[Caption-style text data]
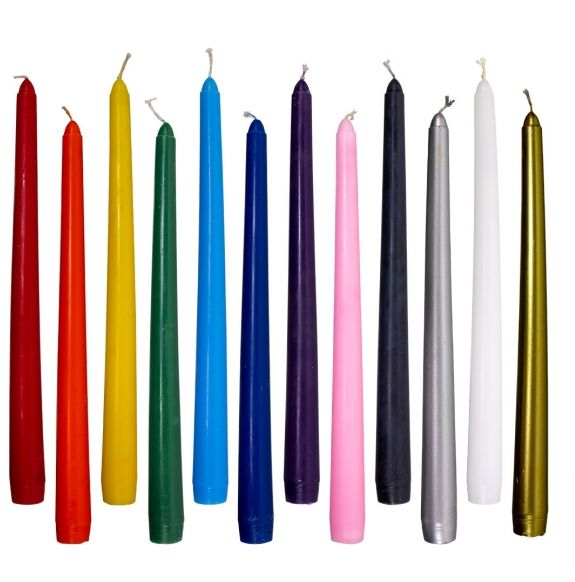 Taper Candle 12&quot; Assorted Colors, Color: Red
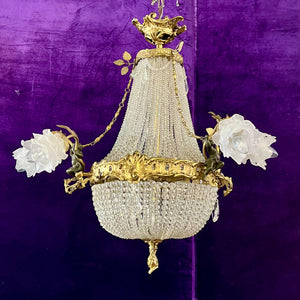 Elegant Neoclassical Chandelier with Cherubs and Frosted Rose Shades, c 1920 - SOLD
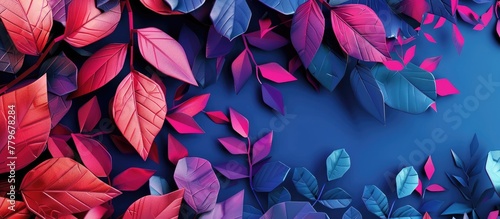 A variety of vibrant leaves, including purple, violet, pink, and magenta, sprawled across an electric blue background, creating a stunning display of tints and shades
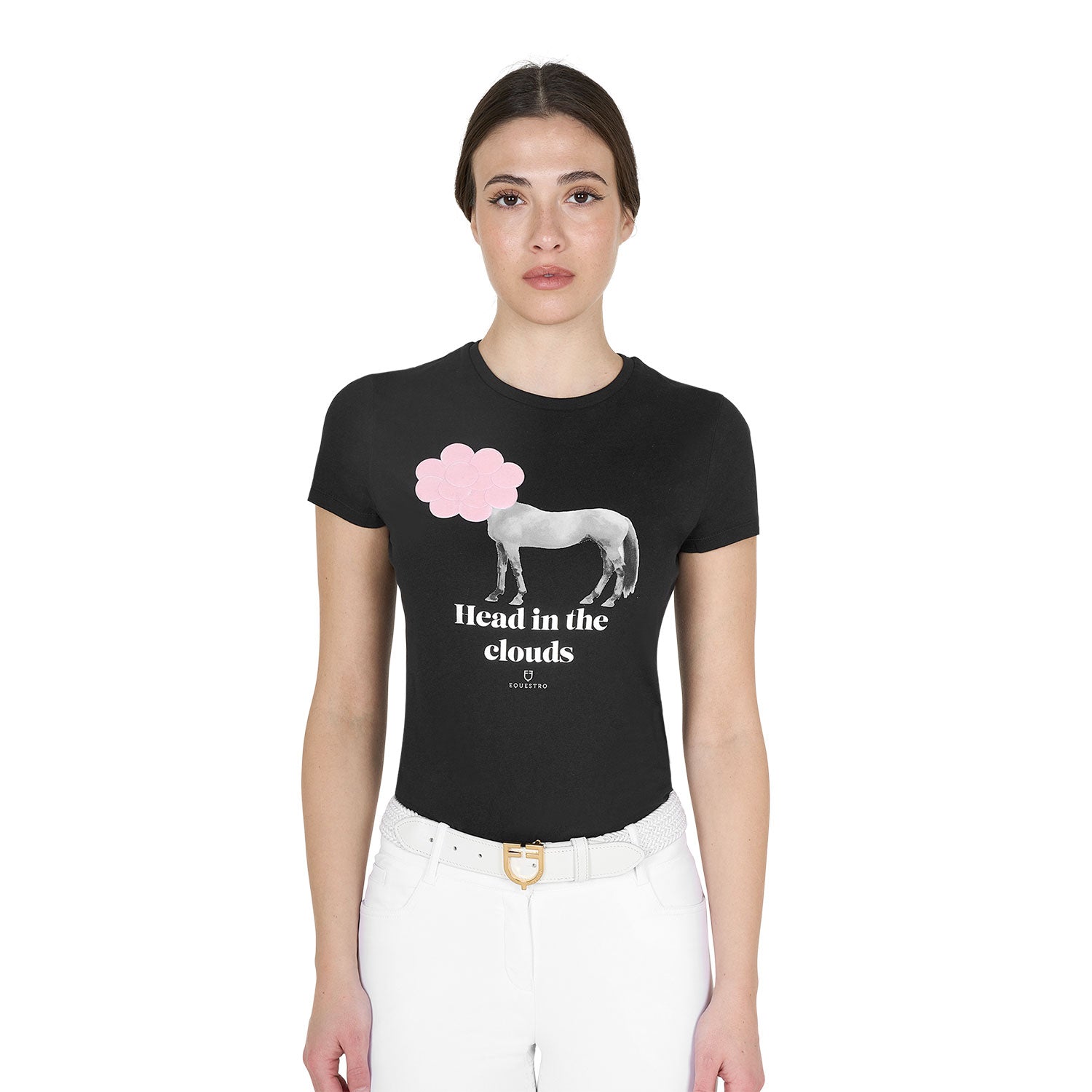 Equestro T Shirt Donna Head in The Clouds Cotone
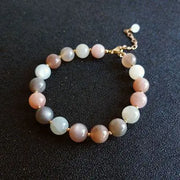 Bracelet Éclatant en Pierre de Lune Rose, Grise et Blanche | Bijoux Chakra
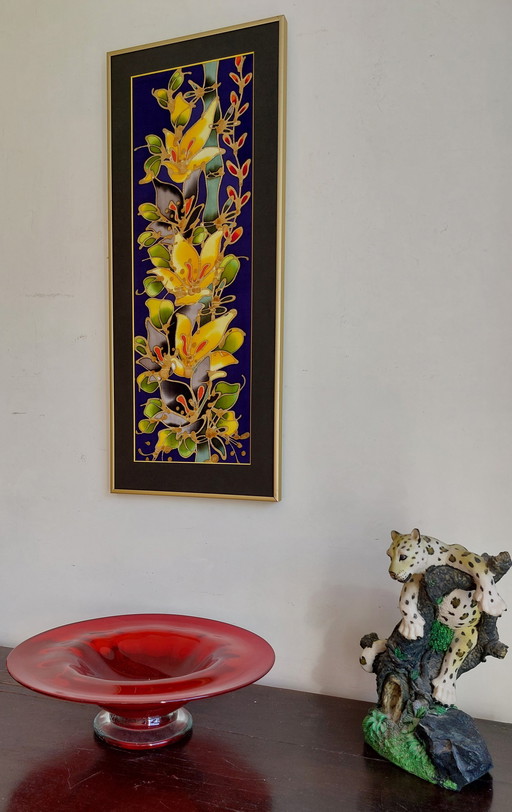 Batik kunstenaar abstract schilderij op zijde met bloemen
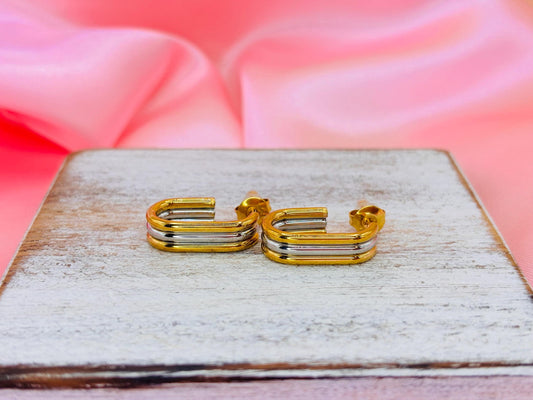 Two-Tone Gold & Silver Layered Stud Earrings – Modern Mixed Metal Statement Studs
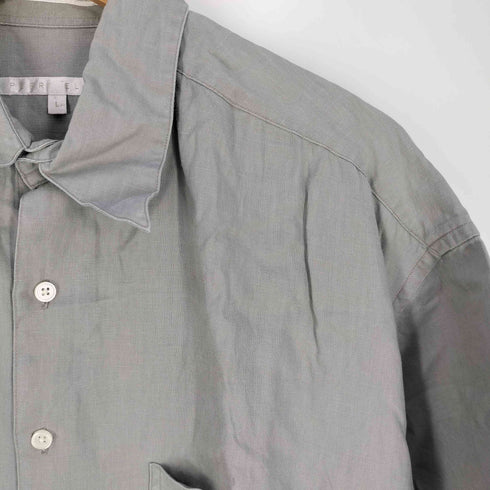 ペリーエリス PERRY ELLIS 90s 裾ドローコード リメイク リネン半袖シャツ メンズ import:L
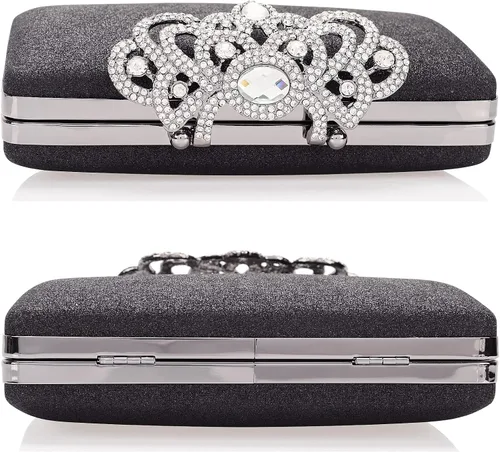 Miniatura 5 de Dexmay - Bolso de mano con diamantes de imitación con cierre de corona de cristal, bolso de noche formal para mujer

- **TASK REQUIREMENTS**: An exact copy of all the records is required, with the pictures omitted.

- **ANSWER TO THE EXERCISE**:
 Taper Candle 12&quot; Assorted Colors, Color: Red
 Elegant Neoclassical Chandelier with Cherubs and Frosted Rose Shades, c 1920 - SOLD
 A variety of vibrant leaves, including purple, violet, pink, and magenta, sprawled across an electric blue background, creating a stunning display of tints and shades
 Equestro T Shirt Donna Head in The Clouds Cotone
 Bracelet Éclatant en Pierre de Lune Rose, Grise et Blanche | Bijoux Chakra
 Batik kunstenaar abstract schilderij op zijde met bloemen
 Two-Tone Gold & Silver Layered Stud Earrings – Modern Mixed Metal Statement Studs
 ペリーエリス PERRY ELLIS 90s 裾ドローコード リメイク リネン半袖シャツ メンズ import:L
 Miniatura 5 de Dexmay - Bolso de mano con diamantes de imitación con cierre de corona de cristal, bolso de noche formal para mujer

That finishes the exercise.